Avatar Creepy_Family
- Ja coś bym w sumie przekąsił... Chociaż nie jestem tak bardzo głodny. - Yukki usiadł na krzesełku w kuchni.

Avatar Abbei_The_Toy_Maker
Właścicielka
Pigwapodała każdemu ładną porcję pierogów. Eleazar przysiadł przy stole i westchnął ciężko.
- Zaparzyłabyś mi melisy? Tak naprawdę dużo, proszę... - rzucił prawie błagalnym głosem, pełnym zmęczenia. - Bo jak nie to chyba pół domu rozniosę...

Avatar Creepy_Family
Okularnik podszedł do niego i dotknął jego czoła zimnymi łapkami.
- Hmm... Musisz odpocząć Elu.

Avatar Abbei_The_Toy_Maker
Właścicielka
- Najpierw muszę dostać herbaty. - odrzekł, a jego czoło było jakoś dziwnie ciepłe, ale inaczej niżby było zagorączkowane. - Jeśli teraz się nie uspokoję, to wrócę do Królestwa, zatłukę Knighta i rozniosę resztę tego pieprzonego zamku w pył. Długo jeszcze?
Pigwa z lekkim rozbawieniem podała mu kubek i poczochrała go po nastroszonych włosach.

Avatar Creepy_Family
- Ymm... Za dużo agresji. - parsknął szarooki po czym wrócił na krzesełko i zajął się pierogami.
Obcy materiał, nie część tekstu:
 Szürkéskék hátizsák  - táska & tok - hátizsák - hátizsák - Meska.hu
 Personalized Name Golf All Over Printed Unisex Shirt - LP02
Avatar Abbei_The_Toy_Maker
Właścicielka
Kubek Eleazara miał w sobie prawie litr herbatki, którą wampir wypił niemal w chwilę. Jeff zajadał wesoło pierogi.
- No, już mi trochę lepiej. - zawyrokował wampir i uśmiechnął się. - Chociaż znając życie jeszcze trochę będę chodził wkurzony.

Avatar Creepy_Family
- Jacie, jacie. - Yukki pokiwał głową. - Jak ty to szybko wypiłeś... No nie wierzę...

Avatar Abbei_The_Toy_Maker
Właścicielka
- E tam, gdybyś widział co kiedyś odwołał. - parsknął Jeff. - Pamiętasz jak ograłem pół Rebel, bo nie wyglądałeś na wampira?
- Myślałem, że twoja pamięć się ogranicza do ostatnich... piętnastu lat. Pamiętam, bo po tym miałem takiego kaca, że zamiast pić sok z kapusty siedziałem w morzu. - odrzekł Eleazar, przewracając oczami. - Wtedy to były fajne czasy...

Avatar Creepy_Family
Okularnik zaśmiał się i znowu skupił się bardziej na jedzeniu.
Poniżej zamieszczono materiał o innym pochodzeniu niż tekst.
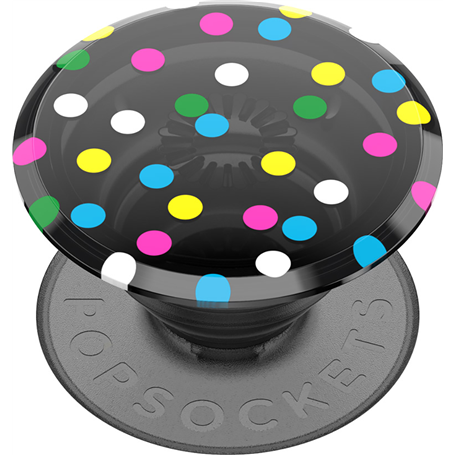 Pop Grip Premium Translucent Black Disco Dots Popsockets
Avatar Abbei_The_Toy_Maker
Właścicielka
- Oj, wtedy to się schlać rzeczywiście można było. Dziś dziećmi i kochasiami się trzeba zajmować, to nie godzi pić w takich ilościach. Przypomnij mi, ile to było wina?
- Cały antałek. A pamiętam nawet, jak cię zacząłem mylić z Mary. Jesteście podobne cholery, bez urazy.

Avatar Creepy_Family
Yukki, widocznie rozbawiony, z buzią wypełnioną pierogami, spojrzał na Eleazara po czym na Jeffa.
- Aż tak tęsknicie za tamtymi czasami? Ja na przykład nie lubie pić, bo strasznie szybko bym się upił. - stwierdził po namyśle, zjadając wpierw pierogi z buzi.
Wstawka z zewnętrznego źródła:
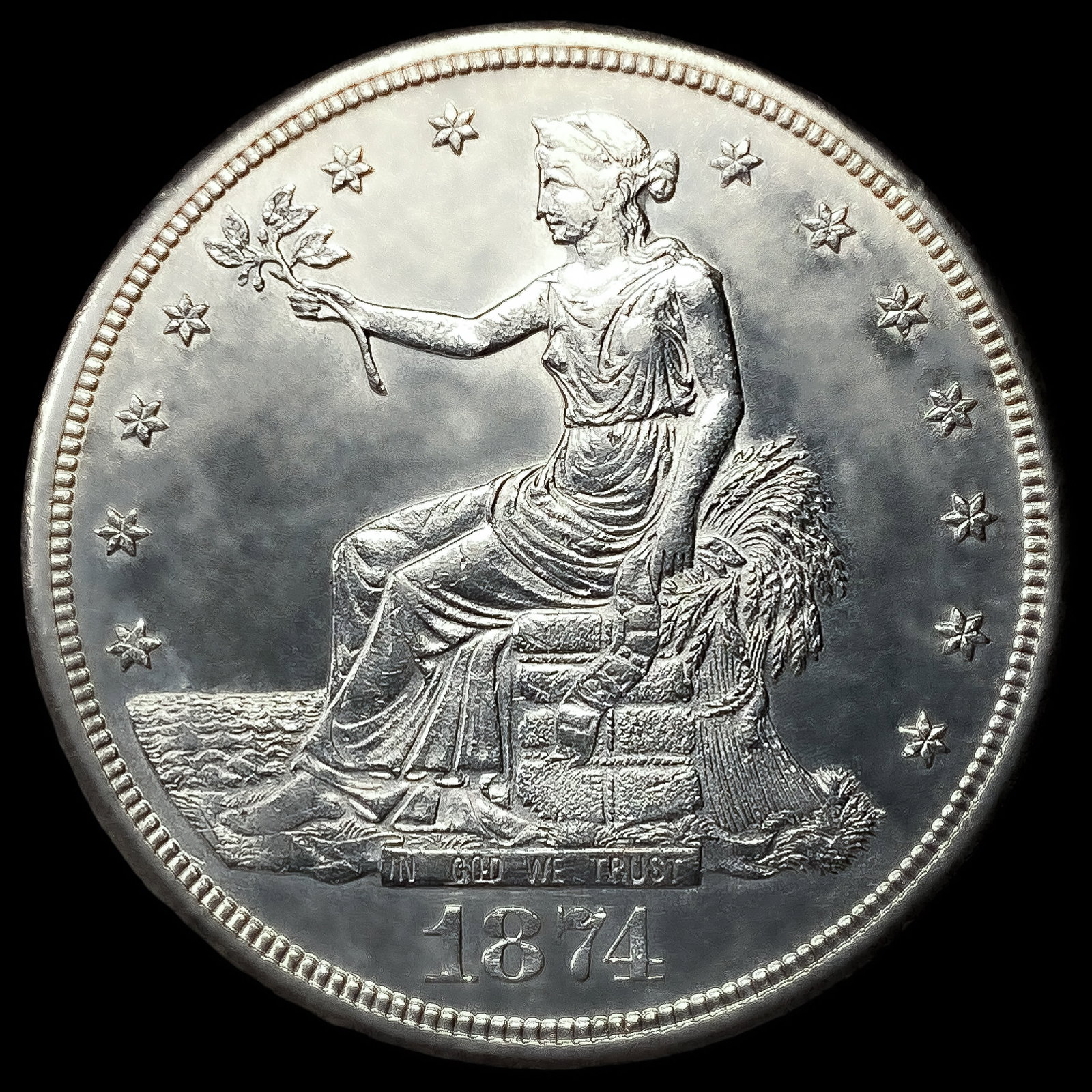1874-S Silver Trade Dollar (1 of 2)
Avatar Abbei_The_Toy_Maker
Właścicielka
- Pewnie tak. Patrząc na ciebie, to Robby miałby mocniejszą głowę. - zaśmiał się Jeff. - Lubię wspominać różne czasy, to zawsze przynosi jakąś naukę. No, może poza tymi wspomnieniami z tego no... - westchnął, ale dało się zauważyć, co miał na myśli.
- Dla mnie i tu i tam jest dobrze. Więc się nie roztkliwiam. - odrzekł krótko Eleazar.

Avatar Creepy_Family
Szarooki wzruszył ramionami i poprawił okulary. Wziął swój talerz i włożył go do zlewu.

Avatar Abbei_The_Toy_Maker
Właścicielka
Jeff ziewnął, ale podniósł się i ruszył do zmywania. Eleazar za to pociągnął Yukkiego do siebie i przytulił.

Avatar Creepy_Family
Okularnik wtulił się w niego. - A co cię tak nagle na przytulanie wzięło Elu? - zapytał, śmiejąc się cicho.

Avatar Abbei_The_Toy_Maker
Właścicielka
- Sam powiedziałeś, że masz słabą głowę. Znam Jeffa dobrze, chyba znalazł to miejsce, gdzie Robby schował "co nieco" i sobie tego na pewno nie odpuści, sądząc ile to mówi o tamtych czasach. Wobec tego położę cię spać, żebyś sobie odpoczął i może zobaczymy, co u Rosiego.

Avatar Creepy_Family
- No dobrze, dobrze. Musze sprawdzić co z Rosim... - westchnął cicho.

Avatar Abbei_The_Toy_Maker
Właścicielka
Tak wampir poszedł wraz z Yukkim do ich pokoju, gdzie Rosie czytał Penemue o smokach. Eleazar pocałował ich obu, znaczy Yukkiego i Rosiego, bo gargulca tylko pomiział, po czym wrócił do Jeffa.

Avatar Creepy_Family
- Jakiego smoka teraz czytasz Rosie? - zerknął mu przez ramię, wyraźnie zaciekawiony.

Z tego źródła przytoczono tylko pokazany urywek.